Dataset items
• • • •

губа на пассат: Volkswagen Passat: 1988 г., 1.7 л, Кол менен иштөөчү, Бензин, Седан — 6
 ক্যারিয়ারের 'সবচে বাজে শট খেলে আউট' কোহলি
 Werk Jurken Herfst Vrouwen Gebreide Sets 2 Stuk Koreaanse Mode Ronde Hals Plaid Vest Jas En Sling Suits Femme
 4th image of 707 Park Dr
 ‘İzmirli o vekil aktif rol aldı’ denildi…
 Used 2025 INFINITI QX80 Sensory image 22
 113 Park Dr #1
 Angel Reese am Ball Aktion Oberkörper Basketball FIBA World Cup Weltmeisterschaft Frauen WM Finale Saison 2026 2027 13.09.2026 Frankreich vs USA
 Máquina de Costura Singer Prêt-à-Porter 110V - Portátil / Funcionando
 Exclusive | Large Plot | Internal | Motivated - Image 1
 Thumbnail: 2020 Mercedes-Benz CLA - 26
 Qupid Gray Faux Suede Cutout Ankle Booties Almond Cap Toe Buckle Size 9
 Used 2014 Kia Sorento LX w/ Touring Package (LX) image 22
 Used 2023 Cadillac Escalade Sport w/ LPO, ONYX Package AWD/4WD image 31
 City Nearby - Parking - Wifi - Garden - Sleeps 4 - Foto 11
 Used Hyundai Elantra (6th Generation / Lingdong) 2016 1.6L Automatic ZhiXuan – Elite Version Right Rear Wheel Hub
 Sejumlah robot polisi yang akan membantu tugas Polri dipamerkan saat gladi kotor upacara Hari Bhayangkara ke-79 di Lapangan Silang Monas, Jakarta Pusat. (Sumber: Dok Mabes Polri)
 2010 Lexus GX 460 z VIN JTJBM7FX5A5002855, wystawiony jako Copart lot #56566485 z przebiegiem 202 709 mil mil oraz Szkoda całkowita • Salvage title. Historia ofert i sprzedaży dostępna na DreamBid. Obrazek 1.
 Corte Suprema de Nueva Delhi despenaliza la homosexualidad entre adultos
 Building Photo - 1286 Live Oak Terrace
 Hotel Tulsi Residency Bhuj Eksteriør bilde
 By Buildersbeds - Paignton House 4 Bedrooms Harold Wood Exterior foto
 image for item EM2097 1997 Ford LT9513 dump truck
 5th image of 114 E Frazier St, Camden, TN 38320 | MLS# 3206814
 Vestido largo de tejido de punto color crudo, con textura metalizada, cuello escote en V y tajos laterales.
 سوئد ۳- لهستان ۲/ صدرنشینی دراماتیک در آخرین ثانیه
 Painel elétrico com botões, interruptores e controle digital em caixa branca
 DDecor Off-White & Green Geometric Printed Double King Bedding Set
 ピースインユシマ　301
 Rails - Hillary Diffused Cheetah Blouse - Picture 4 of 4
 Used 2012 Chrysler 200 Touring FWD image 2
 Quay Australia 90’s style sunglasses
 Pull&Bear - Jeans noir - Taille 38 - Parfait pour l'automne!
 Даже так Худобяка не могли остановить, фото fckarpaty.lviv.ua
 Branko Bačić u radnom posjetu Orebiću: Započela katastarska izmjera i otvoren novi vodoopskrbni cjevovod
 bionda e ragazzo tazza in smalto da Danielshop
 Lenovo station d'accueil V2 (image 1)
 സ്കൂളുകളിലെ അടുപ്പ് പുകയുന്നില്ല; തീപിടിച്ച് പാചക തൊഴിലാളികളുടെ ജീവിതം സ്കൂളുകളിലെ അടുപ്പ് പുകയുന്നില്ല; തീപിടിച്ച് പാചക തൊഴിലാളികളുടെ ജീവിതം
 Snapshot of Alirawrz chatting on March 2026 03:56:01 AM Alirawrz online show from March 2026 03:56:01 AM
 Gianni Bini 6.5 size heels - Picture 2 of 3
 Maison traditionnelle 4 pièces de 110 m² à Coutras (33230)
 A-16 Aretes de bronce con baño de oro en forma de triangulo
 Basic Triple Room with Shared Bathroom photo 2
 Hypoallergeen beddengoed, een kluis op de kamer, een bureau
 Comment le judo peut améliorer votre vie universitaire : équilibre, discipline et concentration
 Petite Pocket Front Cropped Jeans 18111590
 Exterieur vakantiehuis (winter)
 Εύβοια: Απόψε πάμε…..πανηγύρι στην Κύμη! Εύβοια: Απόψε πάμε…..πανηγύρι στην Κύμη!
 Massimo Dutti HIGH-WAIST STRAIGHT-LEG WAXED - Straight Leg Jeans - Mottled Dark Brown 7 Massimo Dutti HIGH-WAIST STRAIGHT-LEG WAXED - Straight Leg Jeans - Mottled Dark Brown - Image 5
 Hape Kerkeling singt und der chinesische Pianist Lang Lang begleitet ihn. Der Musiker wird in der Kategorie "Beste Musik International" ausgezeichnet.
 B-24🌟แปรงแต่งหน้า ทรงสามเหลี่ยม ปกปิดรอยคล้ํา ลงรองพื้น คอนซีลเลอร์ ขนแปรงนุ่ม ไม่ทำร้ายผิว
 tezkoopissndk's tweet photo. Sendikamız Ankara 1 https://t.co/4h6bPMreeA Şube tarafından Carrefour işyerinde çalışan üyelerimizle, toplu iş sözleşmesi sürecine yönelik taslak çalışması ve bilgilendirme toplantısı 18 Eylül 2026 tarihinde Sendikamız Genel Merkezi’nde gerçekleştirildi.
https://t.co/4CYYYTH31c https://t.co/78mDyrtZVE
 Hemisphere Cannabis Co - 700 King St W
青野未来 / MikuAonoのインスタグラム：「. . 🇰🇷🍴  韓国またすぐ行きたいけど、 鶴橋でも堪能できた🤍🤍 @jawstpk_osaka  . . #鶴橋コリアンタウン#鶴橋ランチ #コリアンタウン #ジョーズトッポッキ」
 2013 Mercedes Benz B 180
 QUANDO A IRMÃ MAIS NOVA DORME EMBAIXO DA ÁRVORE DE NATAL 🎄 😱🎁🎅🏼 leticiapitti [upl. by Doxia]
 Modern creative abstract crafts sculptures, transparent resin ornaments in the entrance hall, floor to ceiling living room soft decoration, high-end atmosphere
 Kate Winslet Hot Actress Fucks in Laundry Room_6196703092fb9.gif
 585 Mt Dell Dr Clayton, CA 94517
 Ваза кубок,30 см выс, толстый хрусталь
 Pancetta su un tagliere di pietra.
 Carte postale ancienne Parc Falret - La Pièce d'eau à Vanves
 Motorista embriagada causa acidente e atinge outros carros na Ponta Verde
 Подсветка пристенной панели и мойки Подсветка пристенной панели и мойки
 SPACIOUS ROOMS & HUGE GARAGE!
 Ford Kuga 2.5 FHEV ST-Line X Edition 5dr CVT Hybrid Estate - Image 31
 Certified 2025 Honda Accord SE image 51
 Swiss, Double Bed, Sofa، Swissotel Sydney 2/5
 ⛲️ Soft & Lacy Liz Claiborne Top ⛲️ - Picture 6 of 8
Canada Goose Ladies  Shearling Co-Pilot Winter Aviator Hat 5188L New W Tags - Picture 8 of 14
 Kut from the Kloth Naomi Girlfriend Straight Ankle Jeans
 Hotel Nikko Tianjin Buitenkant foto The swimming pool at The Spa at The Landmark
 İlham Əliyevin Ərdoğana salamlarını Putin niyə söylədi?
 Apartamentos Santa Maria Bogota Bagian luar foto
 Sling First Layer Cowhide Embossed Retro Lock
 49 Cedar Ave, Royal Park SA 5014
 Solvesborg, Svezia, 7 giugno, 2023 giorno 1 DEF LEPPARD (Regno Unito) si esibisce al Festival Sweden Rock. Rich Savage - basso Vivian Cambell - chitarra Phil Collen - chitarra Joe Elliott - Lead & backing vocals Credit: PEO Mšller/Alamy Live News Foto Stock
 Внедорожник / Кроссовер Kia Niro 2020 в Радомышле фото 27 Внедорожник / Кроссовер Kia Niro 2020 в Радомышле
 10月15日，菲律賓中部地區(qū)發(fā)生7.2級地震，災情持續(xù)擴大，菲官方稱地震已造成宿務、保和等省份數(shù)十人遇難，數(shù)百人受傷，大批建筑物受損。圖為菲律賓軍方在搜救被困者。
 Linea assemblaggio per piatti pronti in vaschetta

• • • •

WORK ITEM ->
Output the lines above exactly, but only those between the line holding "Used 2023 Cadillac" and the line holding "Basic Triple Room", inclusive.

EXERCISE OUTPUT ->
 Used 2023 Cadillac Escalade Sport w/ LPO, ONYX Package AWD/4WD image 31
 City Nearby - Parking - Wifi - Garden - Sleeps 4 - Foto 11
 Used Hyundai Elantra (6th Generation / Lingdong) 2016 1.6L Automatic ZhiXuan – Elite Version Right Rear Wheel Hub
 Sejumlah robot polisi yang akan membantu tugas Polri dipamerkan saat gladi kotor upacara Hari Bhayangkara ke-79 di Lapangan Silang Monas, Jakarta Pusat. (Sumber: Dok Mabes Polri)
 2010 Lexus GX 460 z VIN JTJBM7FX5A5002855, wystawiony jako Copart lot #56566485 z przebiegiem 202 709 mil mil oraz Szkoda całkowita • Salvage title. Historia ofert i sprzedaży dostępna na DreamBid. Obrazek 1.
 Corte Suprema de Nueva Delhi despenaliza la homosexualidad entre adultos
 Building Photo - 1286 Live Oak Terrace
 Hotel Tulsi Residency Bhuj Eksteriør bilde
 By Buildersbeds - Paignton House 4 Bedrooms Harold Wood Exterior foto
 image for item EM2097 1997 Ford LT9513 dump truck
 5th image of 114 E Frazier St, Camden, TN 38320 | MLS# 3206814
 Vestido largo de tejido de punto color crudo, con textura metalizada, cuello escote en V y tajos laterales.
 سوئد ۳- لهستان ۲/ صدرنشینی دراماتیک در آخرین ثانیه
 Painel elétrico com botões, interruptores e controle digital em caixa branca
 DDecor Off-White & Green Geometric Printed Double King Bedding Set
 ピースインユシマ　301
 Rails - Hillary Diffused Cheetah Blouse - Picture 4 of 4
 Used 2012 Chrysler 200 Touring FWD image 2
 Quay Australia 90’s style sunglasses
 Pull&Bear - Jeans noir - Taille 38 - Parfait pour l'automne!
 Даже так Худобяка не могли остановить, фото fckarpaty.lviv.ua
 Branko Bačić u radnom posjetu Orebiću: Započela katastarska izmjera i otvoren novi vodoopskrbni cjevovod
 bionda e ragazzo tazza in smalto da Danielshop
 Lenovo station d'accueil V2 (image 1)
 സ്കൂളുകളിലെ അടുപ്പ് പുകയുന്നില്ല; തീപിടിച്ച് പാചക തൊഴിലാളികളുടെ ജീവിതം സ്കൂളുകളിലെ അടുപ്പ് പുകയുന്നില്ല; തീപിടിച്ച് പാചക തൊഴിലാളികളുടെ ജീവിതം
 Snapshot of Alirawrz chatting on March 2026 03:56:01 AM Alirawrz online show from March 2026 03:56:01 AM
 Gianni Bini 6.5 size heels - Picture 2 of 3
 Maison traditionnelle 4 pièces de 110 m² à Coutras (33230)
 A-16 Aretes de bronce con baño de oro en forma de triangulo
 Basic Triple Room with Shared Bathroom photo 2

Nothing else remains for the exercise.